#### [THE TASK]
What needs reproducing is the run of lines in the data below starting at the line with "Sealy Posturepedic Plus" and ending at the line with "2_z1626200_Sunburst Clock, Red, Detail_master.jpg", both ends included. Copy it exactly, without pictures, and add nothing.

#### [THE DATA]
((

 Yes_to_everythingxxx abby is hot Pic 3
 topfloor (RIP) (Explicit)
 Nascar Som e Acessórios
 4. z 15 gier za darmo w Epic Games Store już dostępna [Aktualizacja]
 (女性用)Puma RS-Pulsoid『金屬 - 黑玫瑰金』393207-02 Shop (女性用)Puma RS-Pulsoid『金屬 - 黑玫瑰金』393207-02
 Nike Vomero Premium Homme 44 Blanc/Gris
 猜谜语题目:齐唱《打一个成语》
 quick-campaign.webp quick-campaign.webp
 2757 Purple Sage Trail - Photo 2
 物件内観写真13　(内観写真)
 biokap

))
((

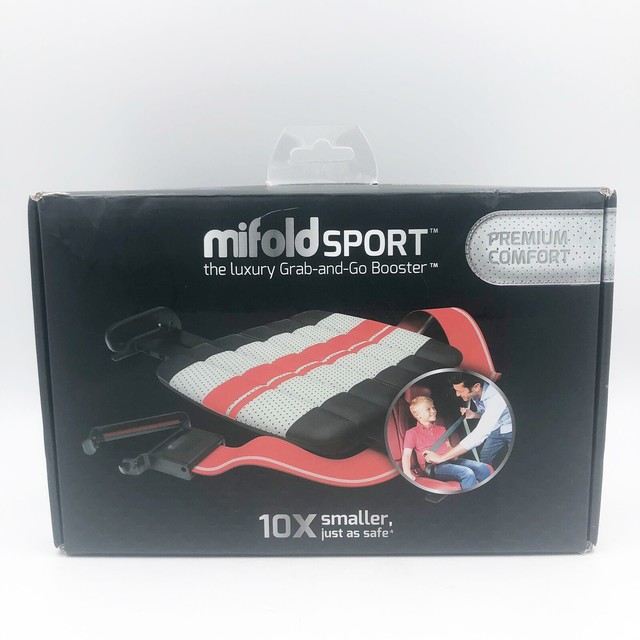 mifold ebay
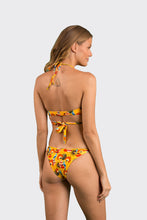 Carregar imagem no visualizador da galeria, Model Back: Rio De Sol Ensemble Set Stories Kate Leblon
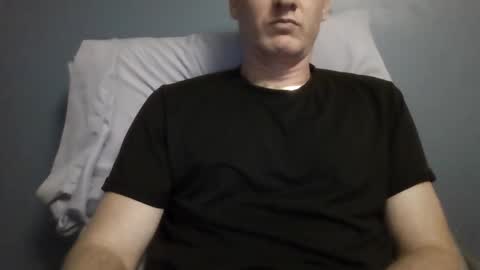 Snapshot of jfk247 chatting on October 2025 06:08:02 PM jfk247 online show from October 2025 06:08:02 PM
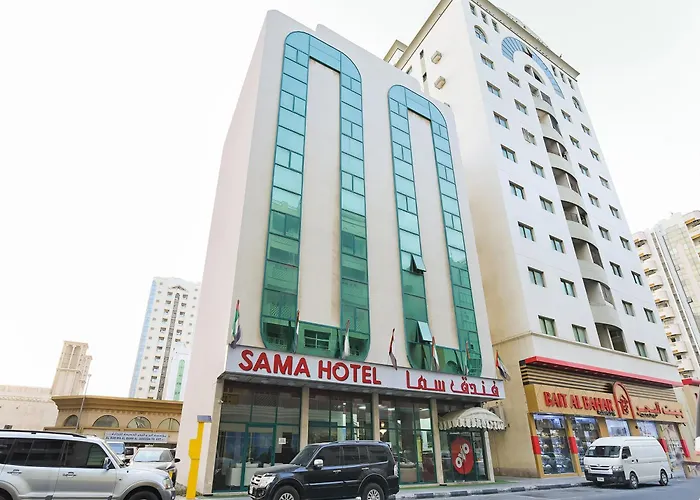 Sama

))
((

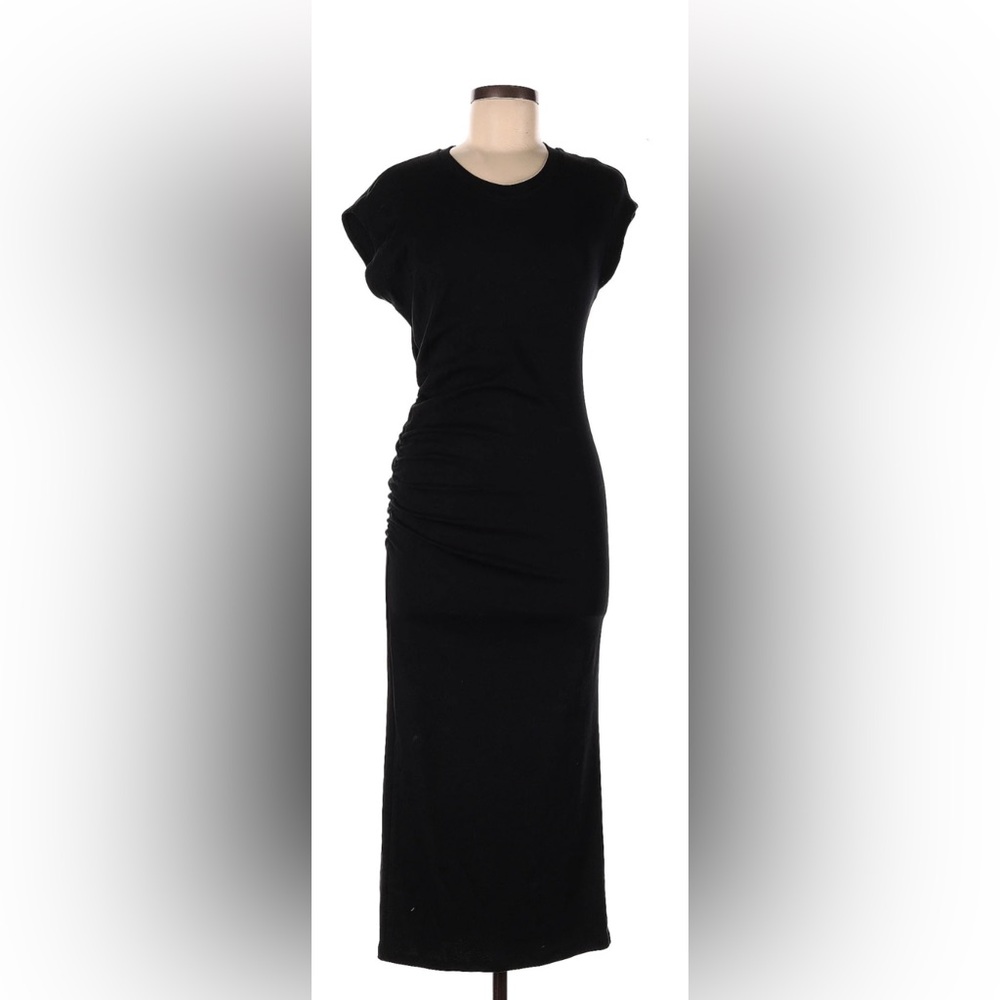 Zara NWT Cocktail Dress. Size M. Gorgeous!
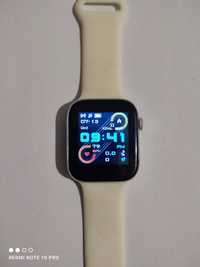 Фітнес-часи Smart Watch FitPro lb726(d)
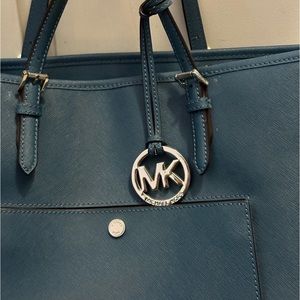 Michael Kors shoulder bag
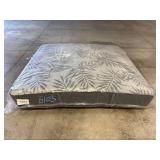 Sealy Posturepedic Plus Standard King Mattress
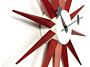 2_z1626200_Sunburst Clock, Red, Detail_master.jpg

))

#### [RESULT OF THE TASK]
 Sealy Posturepedic Plus Standard King Mattress
 2_z1626200_Sunburst Clock, Red, Detail_master.jpg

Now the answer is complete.